Matthew 12:25-38: “Jesus knew their thoughts and said to them, ‘Every kingdom divided against itself will be ruined, and every city or household divided against itself will not stand. If Satan drives out Satan, he is divided against himself. How then can his kingdom stand? And if I drive out demons by Beelzebul, by whom do your people drive them out? So then, they will be your judges. But if it is by the Spirit of God that I drive out demons, then the kingdom of God has come upon you.’”
Luke 11:14-15, 17-20: “Jesus was driving out a demon that was mute. When the demon left, the man who had been mute spoke, and the crowd was amazed. But some of them said, ‘By Beelzebul, the prince of demons, he is driving out demons.’ Jesus knew their thoughts and said to them: ‘Any kingdom divided against itself will be ruined, and a house divided against itself will fall. If Satan is divided against himself, how can his kingdom stand? I say this because you claim that I drive out demons by Beelzebul.
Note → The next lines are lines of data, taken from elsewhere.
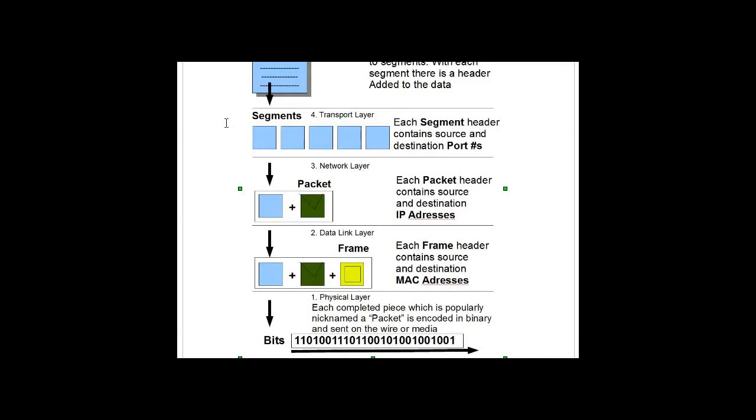This process of moving down the layers to build our package is called encoding the packet. Then it goes across the internet, and when it arrives at its destination, it goes back up the layers and is decoded or decapsulated.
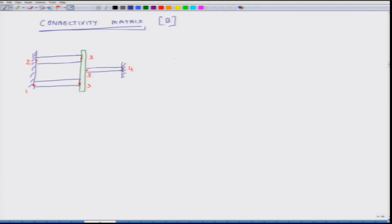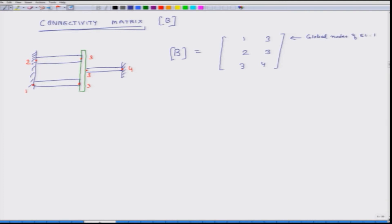Let us look at this. The connectivity matrix B equals a matrix with entries: row 1 is 1, 3; row 2 is 2, 3; row 3 is 3, 4. The first row represents the global nodes of element 1. I label the elements: this is element 1, element 2, and element 3. The first element has its first global node as 1 and second global node as 3.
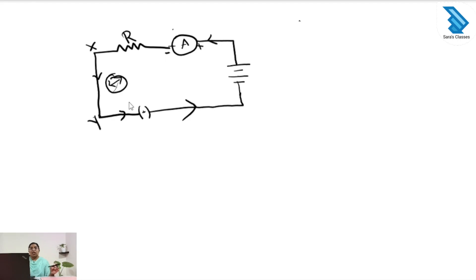So this is the magnetic effect of electric current. Whenever current passes through any conductor, a magnetic field is produced around the conductor. This phenomenon of electromagnetism was first introduced by the scientist Hans Christian Oersted.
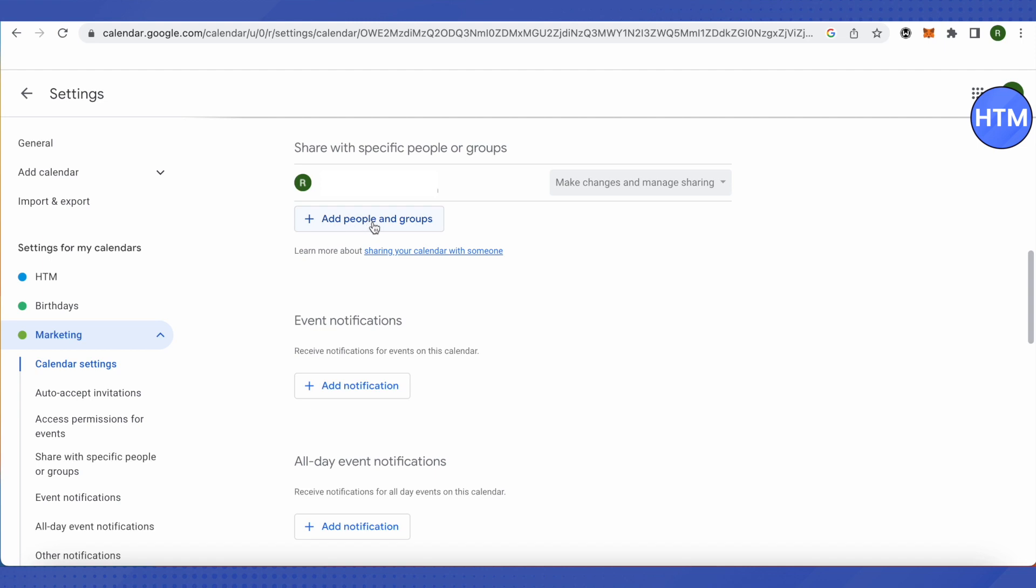And then you will be able to share this calendar with the people around you or the people who are associated with that particular calendar.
Now if I drive out demons by Beelzebul, by whom do your followers drive them out? So then, they will be your judges. But if I drive out demons by the finger of God, then the kingdom of God has come upon you.’”
If we are going to get our heads around this week’s saying, we first must to step back into the worldview of the writers. As we have covered before, a Jewish apocalyptic worldview holds a dualistic view of this world and the cosmos. There are earthy powers for good and evil and there are also parallel cosmic forces for good and evil that the earthly powers are simply a conduit for. First Century Jewish apocalypticism added to this a belief that they were the earthly expression of the cosmic good. They would have also viewed their foreign oppressors (Egypt, Assyria, Babylon, Media, Persia, Greece, and finally Rome) as earthly expressions of evil. They and their oppressors would have been connected in some way to cosmic forces of good and evil: the Jewish people to YHWH and their oppressors to evil (the satan, Beelzebul, demons, etc.)
Ever since the days of Jeremiah, the Jews had interpreted their exile and foreign occupation as punishment from YHWH for Judah’s sins. They longed for liberation, which they referred to as YHWH’s forgiveness of those sins, and they viewed this liberation as YHWH taking on the cosmic powers of evil and evil’s earthly conduits and working out a victory that would be expressed or reflected in their political, social, and economic freedom.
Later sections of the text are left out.